State v. Fairchild

697 P.2d 1239 | Idaho Ct. App. | 1985

697 P.2d 1239 (1985)
108 Idaho 225

STATE of Idaho, Plaintiff and Respondent,
v.
Roger Kim FAIRCHILD, Defendant and Appellant.

No. 13893.

Court of Appeals of Idaho.

March 28, 1985.

*1240 Victor J. Rolzitto, Ketchum, for defendant and appellant.

Jim Jones, Atty. Gen. by Lynn E. Thomas, Sol. Gen., Lance D. Churchill, Steven W. Berenter (argued), Deputy Attys. Gen., Boise, for plaintiff and respondent.

BURNETT, Judge.

Roger Kim Fairchild stands convicted of possessing cocaine with intent to deliver. On appeal he raises a host of issues concerning denial of a speedy trial, failure to suppress illegally seized evidence, and prosecutorial misconduct during his trial. For reasons explained below, we deem the speedy trial issue to be dispositive and we reverse the judgment of conviction.

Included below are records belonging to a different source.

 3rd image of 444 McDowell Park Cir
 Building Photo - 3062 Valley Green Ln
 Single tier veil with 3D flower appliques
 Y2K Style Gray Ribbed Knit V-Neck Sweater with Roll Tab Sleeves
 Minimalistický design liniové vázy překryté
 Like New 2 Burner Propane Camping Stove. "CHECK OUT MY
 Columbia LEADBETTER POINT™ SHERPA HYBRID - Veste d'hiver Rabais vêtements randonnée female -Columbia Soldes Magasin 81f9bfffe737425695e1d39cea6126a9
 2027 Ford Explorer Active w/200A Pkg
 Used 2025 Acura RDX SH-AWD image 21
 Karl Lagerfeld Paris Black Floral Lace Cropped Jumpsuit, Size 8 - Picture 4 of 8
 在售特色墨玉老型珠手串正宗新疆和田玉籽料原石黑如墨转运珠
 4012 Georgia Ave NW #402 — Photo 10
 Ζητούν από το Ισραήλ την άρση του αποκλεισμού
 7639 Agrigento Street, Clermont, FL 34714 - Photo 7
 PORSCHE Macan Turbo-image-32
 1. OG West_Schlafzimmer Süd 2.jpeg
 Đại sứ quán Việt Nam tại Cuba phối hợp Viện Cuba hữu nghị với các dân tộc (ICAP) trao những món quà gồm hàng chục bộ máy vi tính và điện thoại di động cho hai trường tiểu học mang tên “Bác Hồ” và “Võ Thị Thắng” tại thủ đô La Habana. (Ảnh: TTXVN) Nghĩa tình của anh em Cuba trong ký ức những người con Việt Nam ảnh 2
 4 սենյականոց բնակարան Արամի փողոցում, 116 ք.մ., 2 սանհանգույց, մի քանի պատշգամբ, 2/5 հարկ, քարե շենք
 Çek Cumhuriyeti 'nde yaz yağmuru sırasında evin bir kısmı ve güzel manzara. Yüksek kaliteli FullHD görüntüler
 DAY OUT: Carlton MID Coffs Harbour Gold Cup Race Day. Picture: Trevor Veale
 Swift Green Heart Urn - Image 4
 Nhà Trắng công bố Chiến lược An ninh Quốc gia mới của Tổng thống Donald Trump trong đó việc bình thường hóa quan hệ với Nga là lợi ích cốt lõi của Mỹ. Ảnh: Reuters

This unusual case presents a convoluted procedural history. Fairchild was arrested on February 27, 1978. For reasons undisclosed by the record, a criminal complaint was not filed until April 14. Fairchild promptly filed a "Plea of Not Guilty and Demand for Speedy Jury Trial." A preliminary hearing was conducted on May 15-16, 1978. During the hearing Fairchild urged that much of the state's evidence was suppressible and, therefore, should not be considered in determining whether probable cause existed. The prosecutor argued that any suppression issue should be reserved for the district court. The magistrate, noting that support for both arguments could be found in the then-existing Rules of Criminal Practice and Procedure, agreed to consider the suppression question.[1] On July 5, 1978, following the preliminary hearing, the magistrate dismissed all charges against Fairchild. In a subsequent memorandum opinion, dated August 4, 1978, the magistrate held, in essence, that critical evidence against Fairchild was suppressible and that probable cause did not exist without it.

The prosecutor appealed the dismissal order to the district court. However, the record reflects no action on the appeal until June, 1979, when the prosecutor apparently requested a hearing and filed a memorandum in support of the state's position. At approximately the same time, Fairchild moved to dismiss the appeal for undue delay. The district court heard argument on July 20, 1979, and later issued a memorandum opinion, dated August 24, 1979, holding that the evidence in question was not suppressible. The district judge remanded the case to the magistrate for a redetermination of probable cause. On October 17, 1979, the magistrate, taking note of the district judge's decision, made a determination of probable cause. On October 24, 1979, the prosecutor filed an information in the district court. Fairchild was tried and found guilty on June 30, 1980, some twenty-eight months after his arrest. He was sentenced to an indeterminate period not exceeding five years in the custody of the Board of Correction. However, he was allowed to remain free on bond pending appeal.[2]

A person accused of crime is entitled to a reasonably prompt determination of whether he is, in fact, guilty as charged. The fourteenth amendment to the United States Constitution protects against unfairness caused by delay. This protection is augmented by the right to a speedy trial *1241 afforded by the sixth amendment. Similar, but not necessarily identical, provisions concerning due process and the right to a speedy trial are contained in article 1, § 13, of the Idaho Constitution.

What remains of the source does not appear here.